• **What this task involves**: Could you transcribe each record below exactly as written, setting the pictures aside?
Stored data START
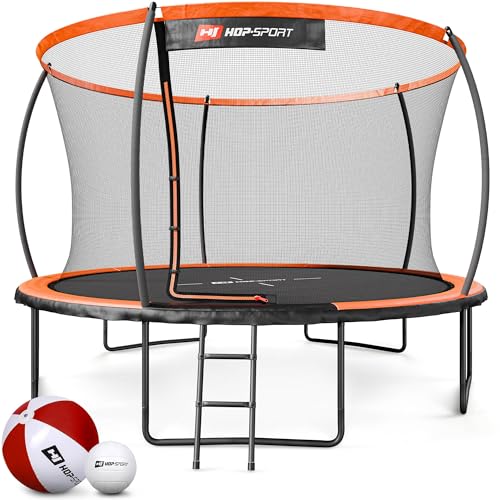 Hop-Sport Trampolin Outdoor Ø 305/366/427/488 cm - Trampolin mit innovativen, gebogenen Netzstangen, Sicherheitszertifikaten und Sicherheitsnetz (Orange/Schwarz, 366 cm)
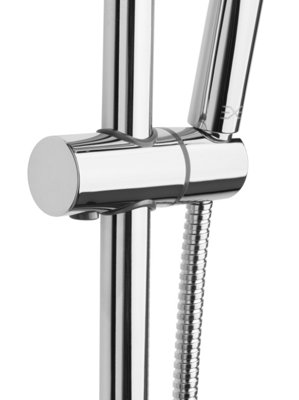 Invena Bathroom Set Showering Column Thermostatic Shower Mixer Pole Chrome Plated Steel - 5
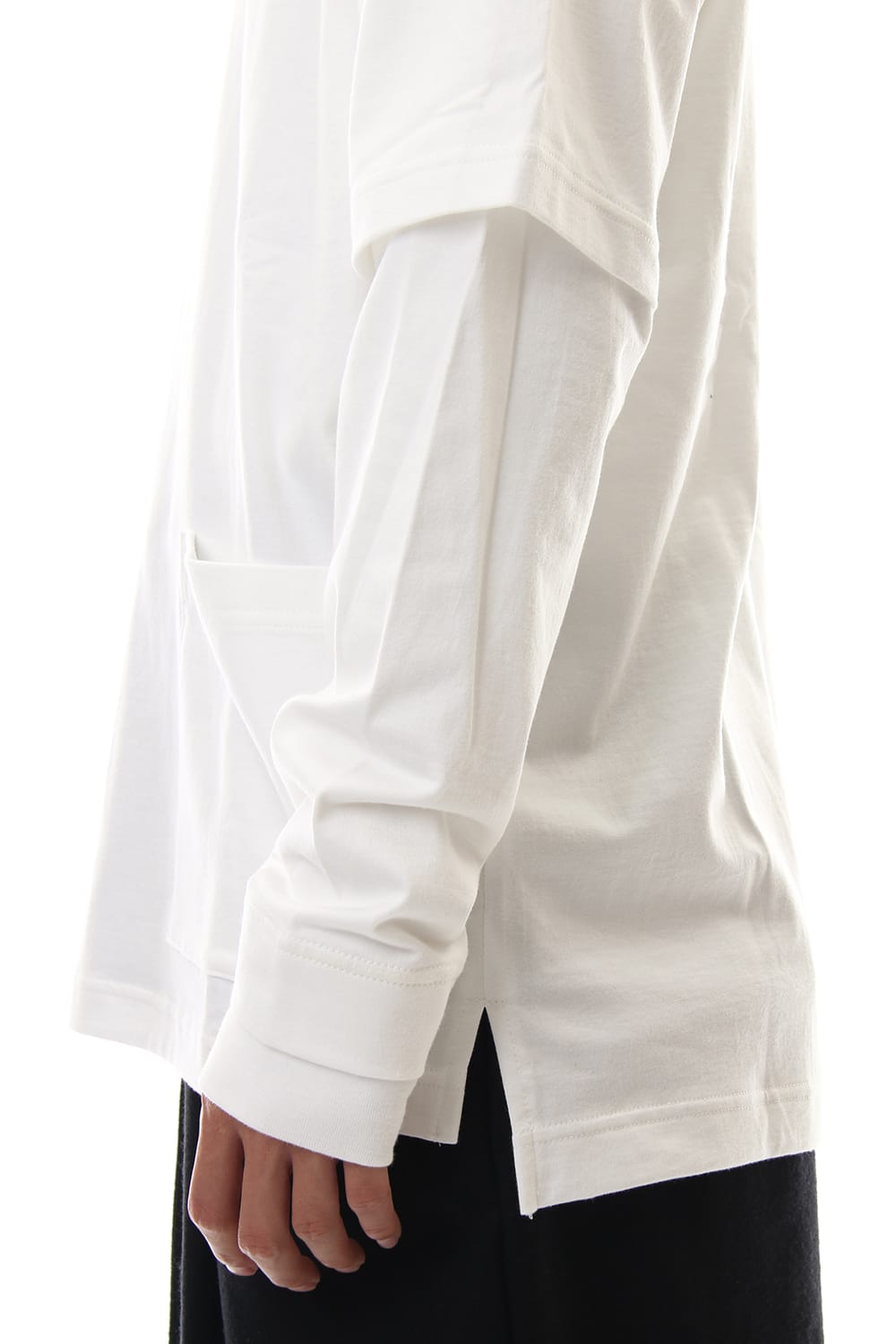 Jersey stitch Long sleeve Pocket T - White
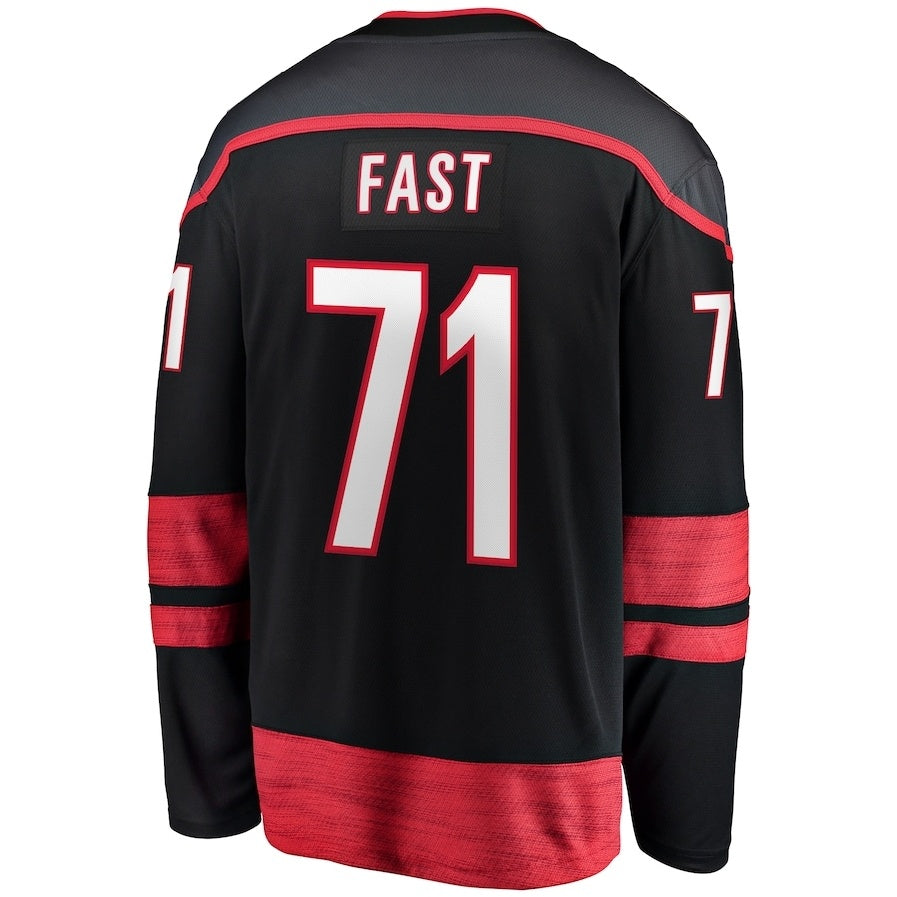 C.Hurricanes #71 Jesper Fast Fanatics Home Breakaway Jersey - Black Stitched American Hockey Jerseys CustomName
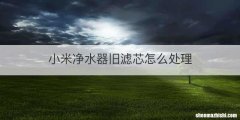 小米净水器旧滤芯怎么处理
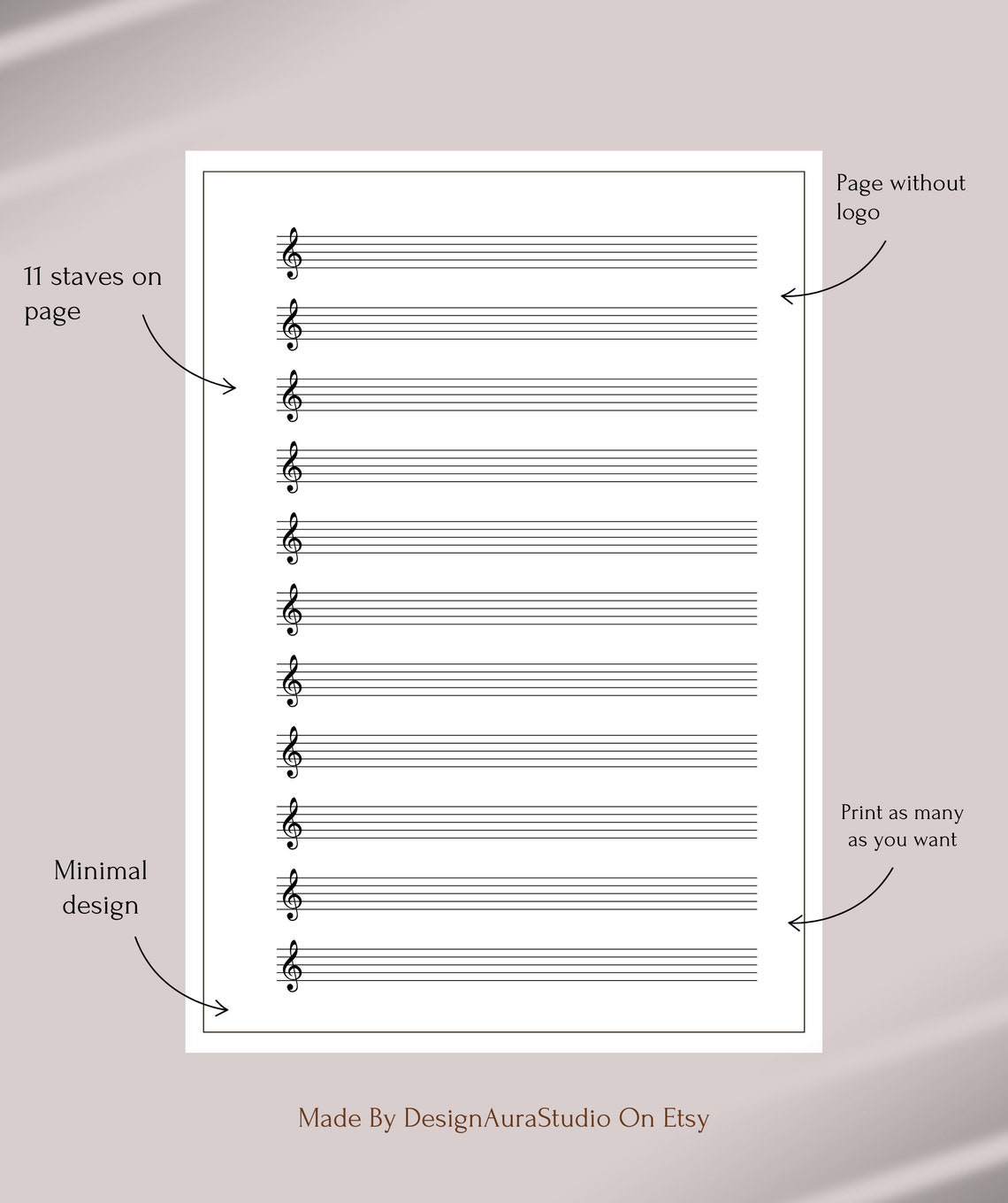 Blank Sheet Music Printable Music Paper Digital Instant - Etsy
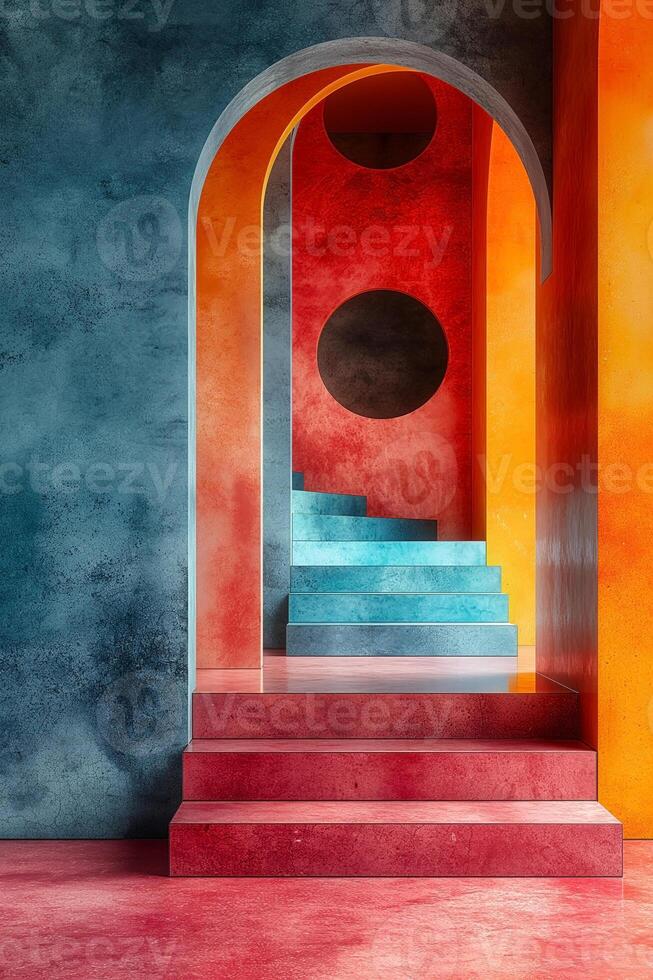 A vibrant abstract staircase featuring colorful arches and geometric shapes. photo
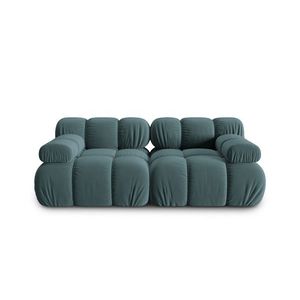 Canapea modulara 2 locuri, Bellis-51, Micadoni Home, 188x94x70 cm, catifea, turcoaz imagine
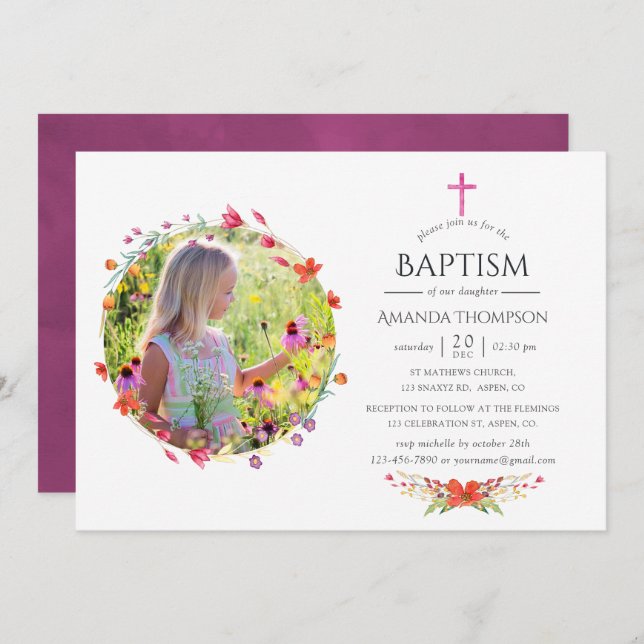 Aquarelle Wildflower Baptism or Christening Invitation (Front/Back)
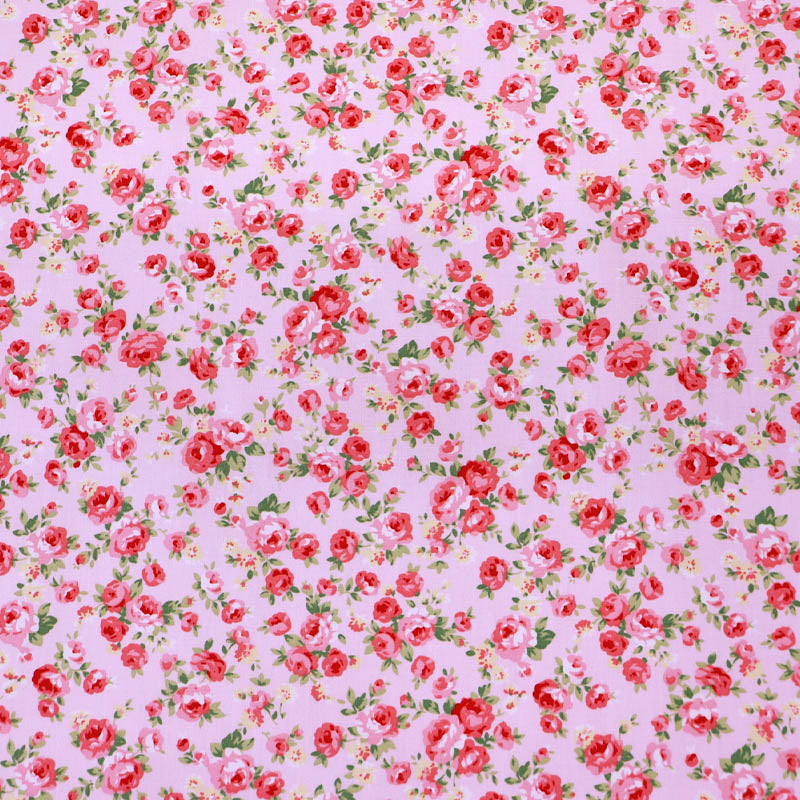 100% CottonPale Pink Floral Cotton Fabric Pink Rose Print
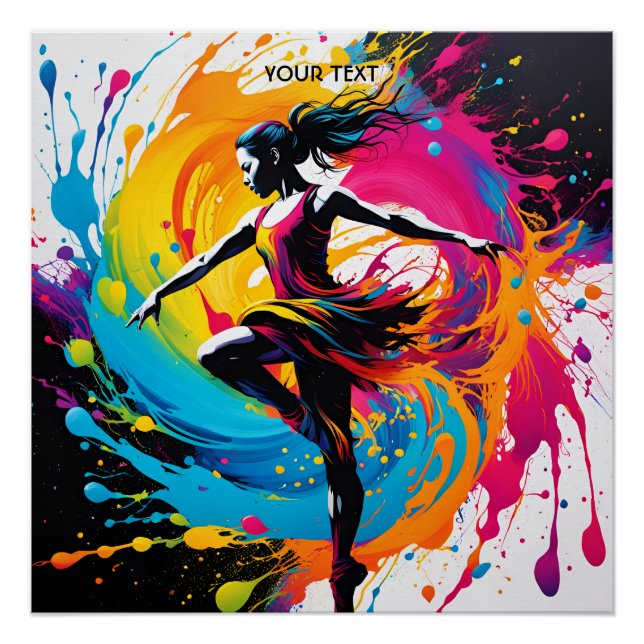 Pôster Fantasy Cute Vivid Dancer Splatter Painting (Frente)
Stored data END
• **Answer section**:
 Hop-Sport Trampolin Outdoor Ø 305/366/427/488 cm - Trampolin mit innovativen, gebogenen Netzstangen, Sicherheitszertifikaten und Sicherheitsnetz (Orange/Schwarz, 366 cm)
 Invena Bathroom Set Showering Column Thermostatic Shower Mixer Pole Chrome Plated Steel - 5
 Jersey stitch Long sleeve Pocket T - White
 C.Hurricanes #71 Jesper Fast Fanatics Home Breakaway Jersey - Black Stitched American Hockey Jerseys CustomName
 小米净水器旧滤芯怎么处理
 Blank Sheet Music Printable Music Paper Digital Instant - Etsy
 A vibrant abstract staircase featuring colorful arches and geometric shapes. photo
 Canapea modulara 2 locuri, Bellis-51, Micadoni Home, 188x94x70 cm, catifea, turcoaz imagine
 Aquarelle Wildflower Baptism or Christening Invitation (Front/Back)
 100% CottonPale Pink Floral Cotton Fabric Pink Rose Print
 Pôster Fantasy Cute Vivid Dancer Splatter Painting (Frente)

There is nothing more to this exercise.